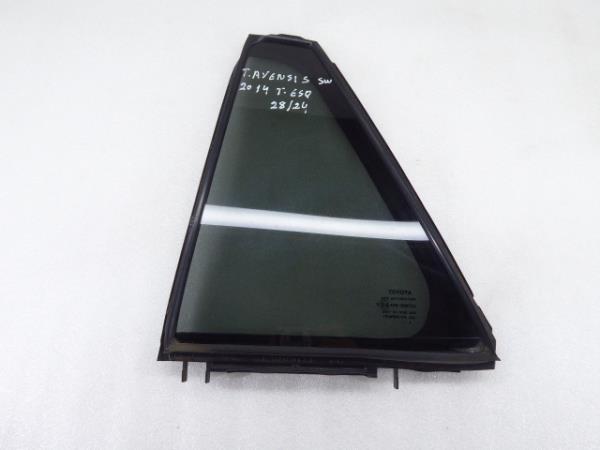 Left rear triangle window TOYOTA Avensis Wagon (_T27_)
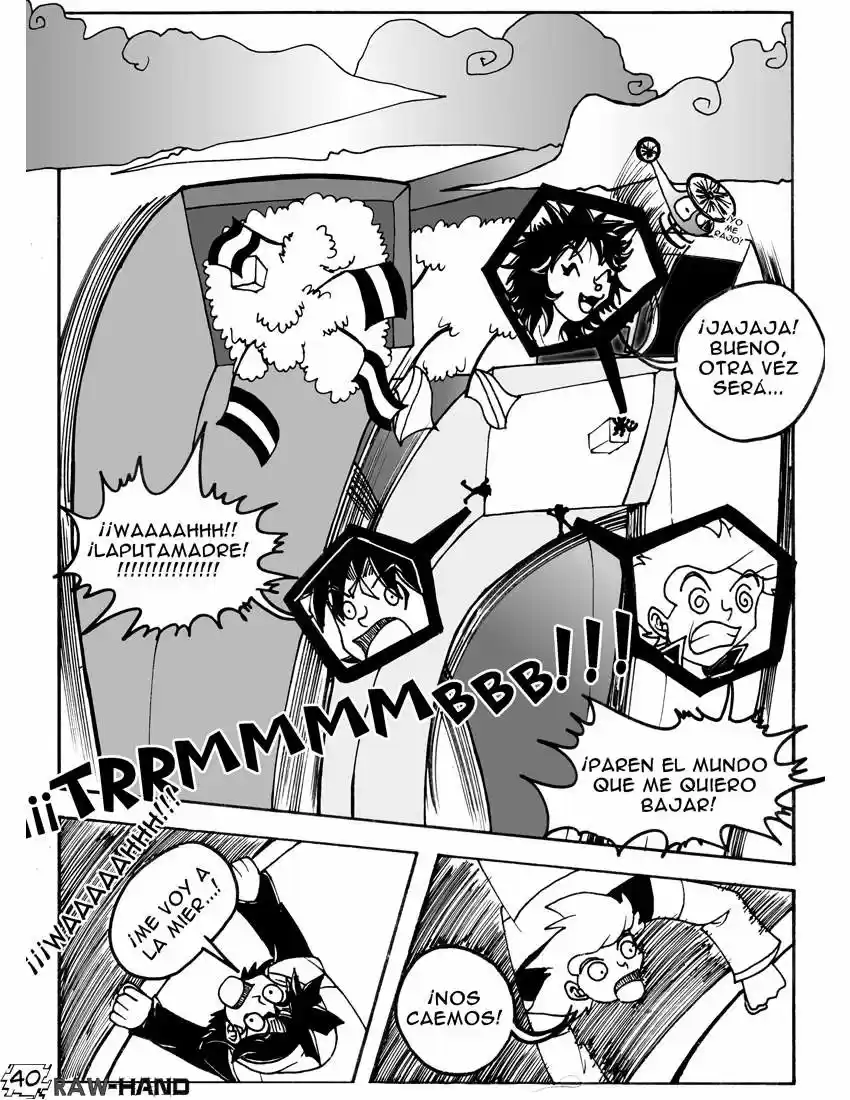 Raw Hand capítulo 54, página 41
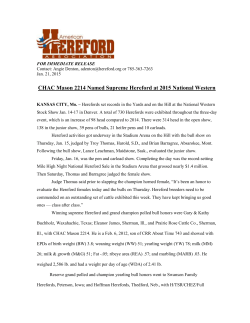 for immediate release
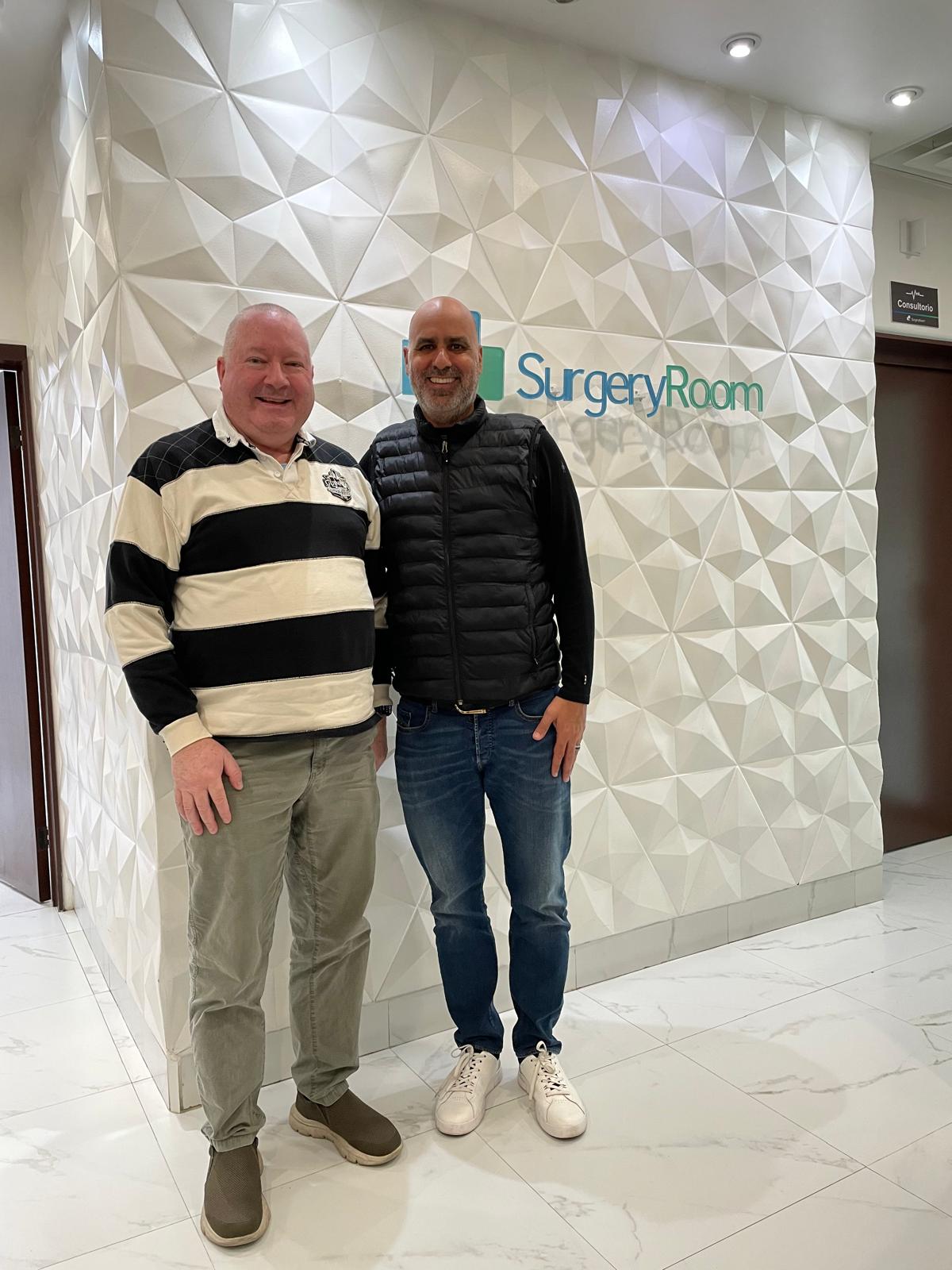 David Riley — General Surgery patient, AngelesHealth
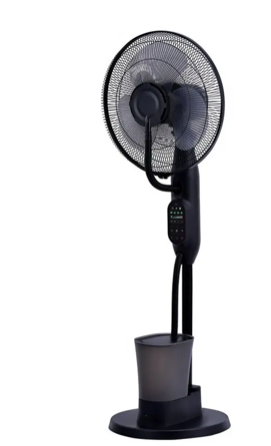 ELITE Standventilator mit Wassernebel & Fernbedienung (75 W)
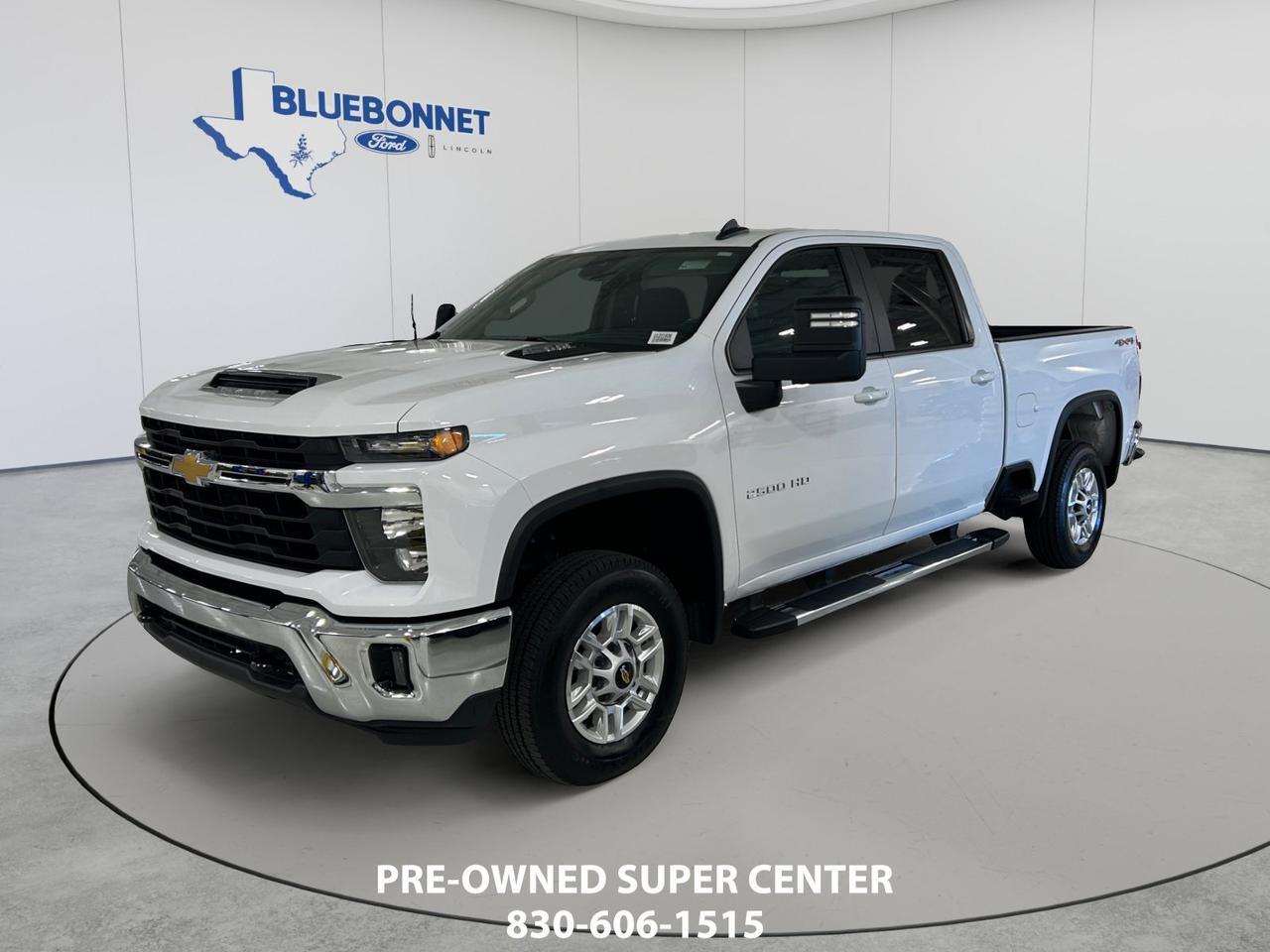 2025 Chevrolet Silverado 2500HD LT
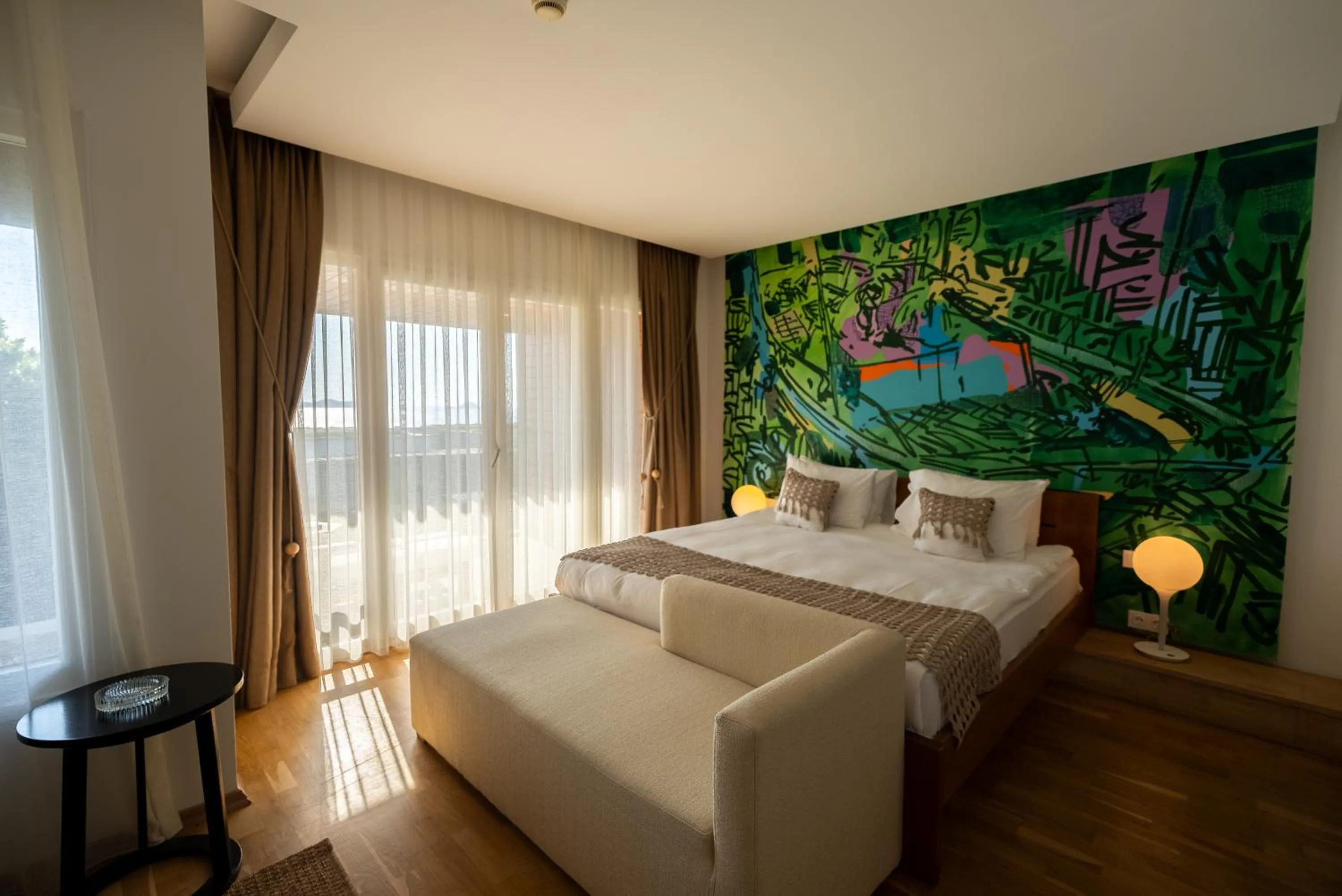 Photo of the whole room, Bed in Palmalife Bodrum Resort & Spa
********
Write out only the lines from the one that contains "David Riley —" through the last line of the records above, both included, word for word and without the pictures.

 David Riley — General Surgery patient, AngelesHealth
 ELITE Standventilator mit Wassernebel & Fernbedienung (75 W)
 2025 Chevrolet Silverado 2500HD LT
 Photo of the whole room, Bed in Palmalife Bodrum Resort & Spa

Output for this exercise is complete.